- [Recorded data]:
[Start of section]

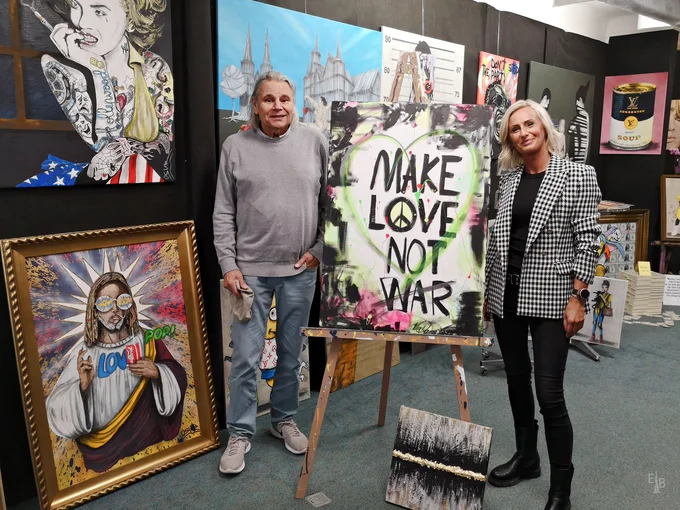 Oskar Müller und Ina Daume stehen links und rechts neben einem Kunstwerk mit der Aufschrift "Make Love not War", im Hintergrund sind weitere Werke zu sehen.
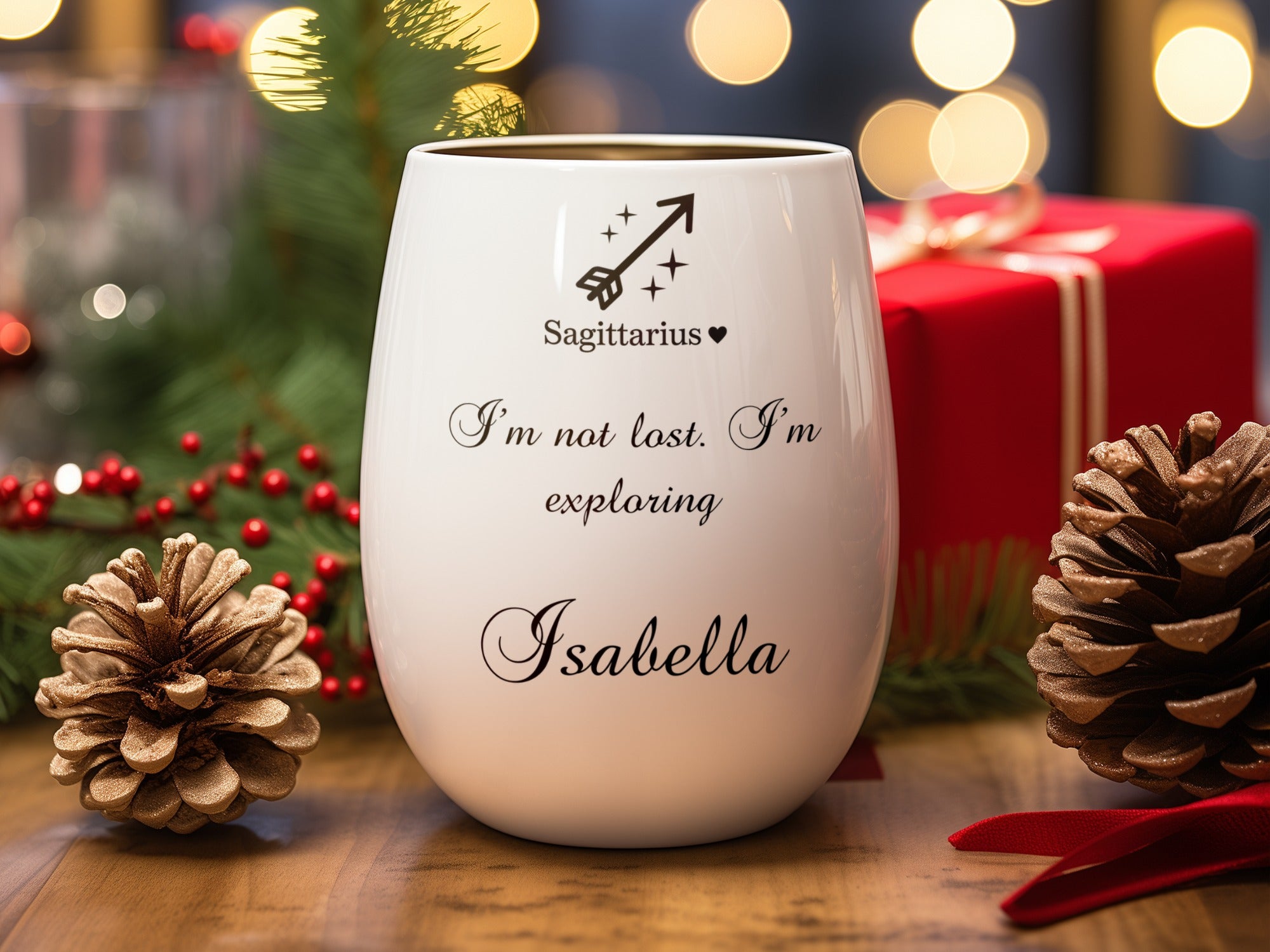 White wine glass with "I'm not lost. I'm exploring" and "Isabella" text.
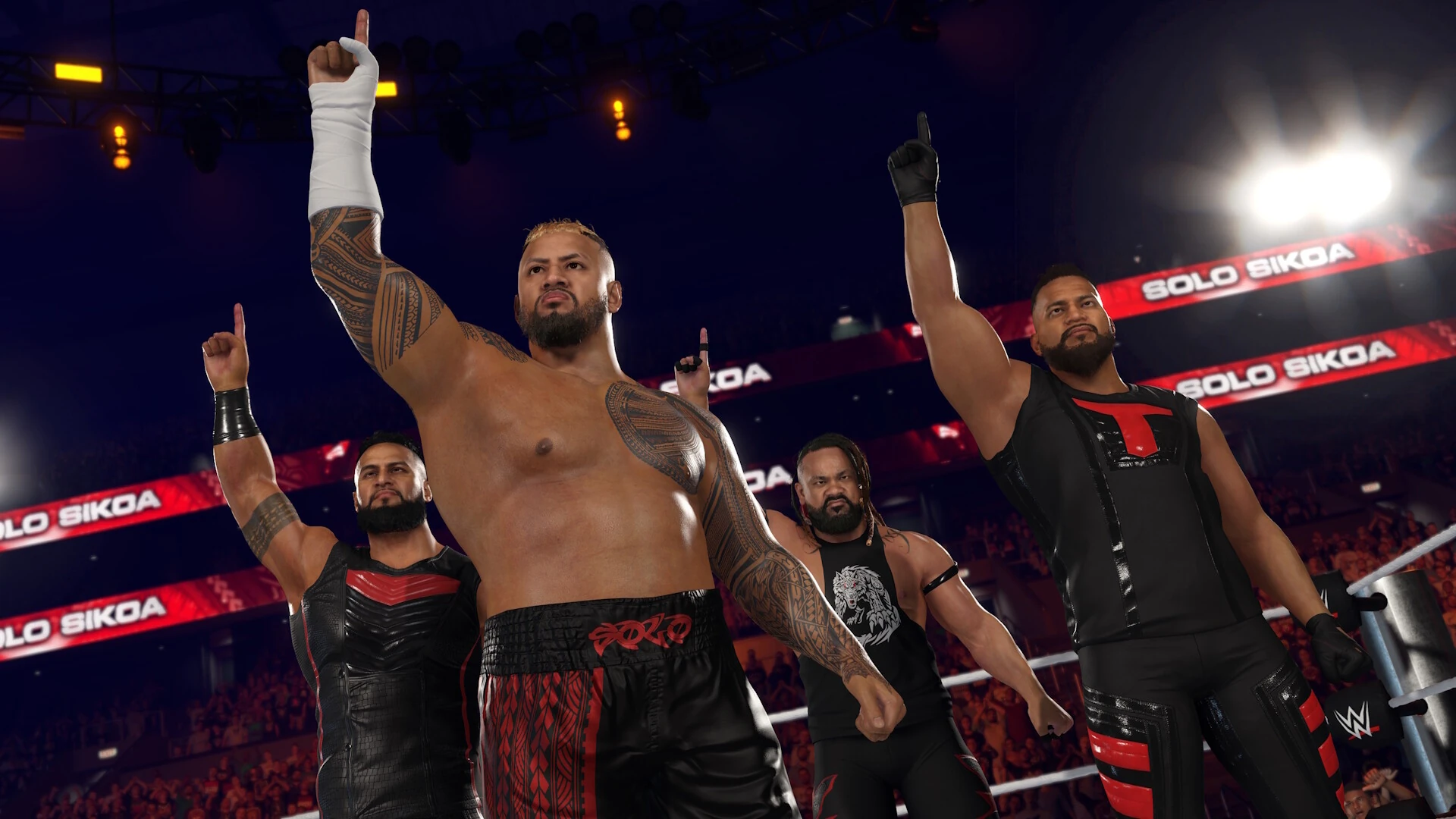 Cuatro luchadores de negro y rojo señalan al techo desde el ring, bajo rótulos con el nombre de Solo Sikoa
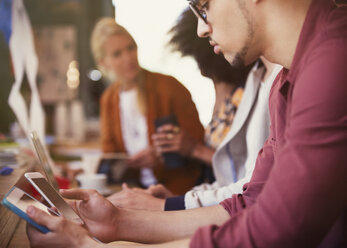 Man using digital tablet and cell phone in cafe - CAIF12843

[End of section]
[Start of section]

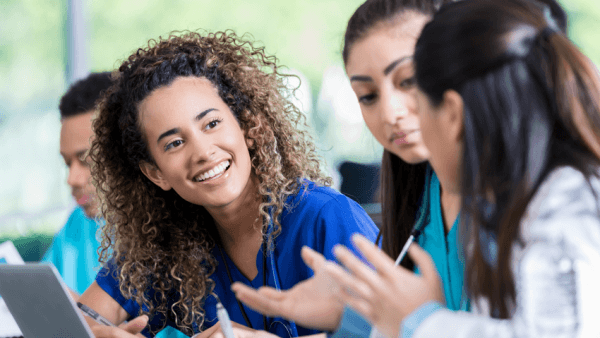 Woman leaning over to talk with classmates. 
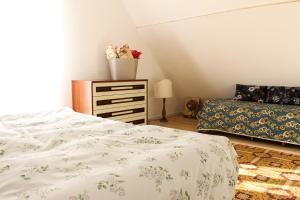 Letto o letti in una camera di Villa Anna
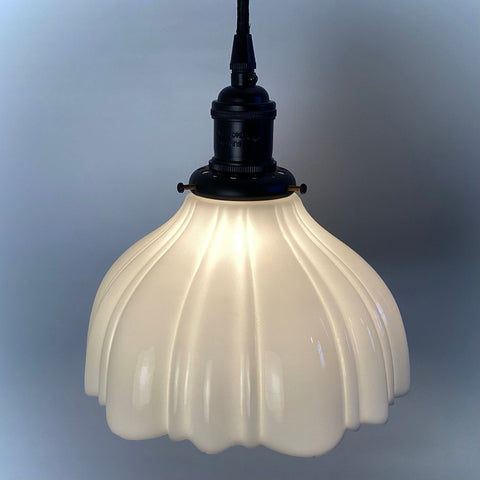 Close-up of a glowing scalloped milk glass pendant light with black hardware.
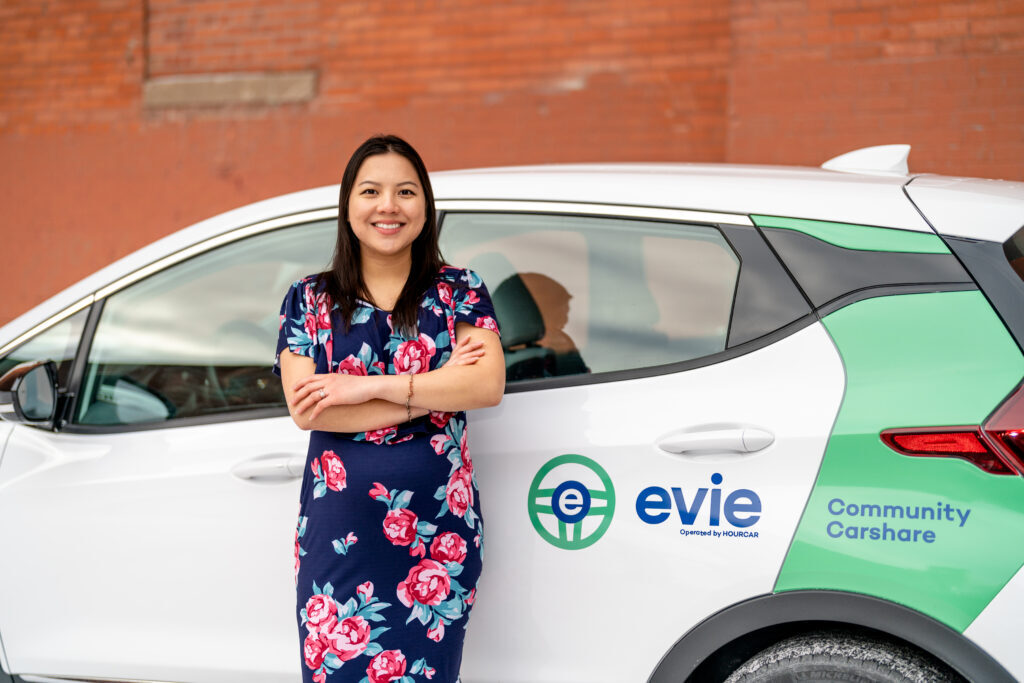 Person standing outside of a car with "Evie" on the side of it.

[End of section]

- [Task description]: With the pictures omitted, print the lines above exactly, beginning at the line with "Oskar Müller und" and going on through the line with "Man using digital".

- [Response area]:
 Oskar Müller und Ina Daume stehen links und rechts neben einem Kunstwerk mit der Aufschrift "Make Love not War", im Hintergrund sind weitere Werke zu sehen.
 White wine glass with "I'm not lost. I'm exploring" and "Isabella" text.
 Cuatro luchadores de negro y rojo señalan al techo desde el ring, bajo rótulos con el nombre de Solo Sikoa
 Man using digital tablet and cell phone in cafe - CAIF12843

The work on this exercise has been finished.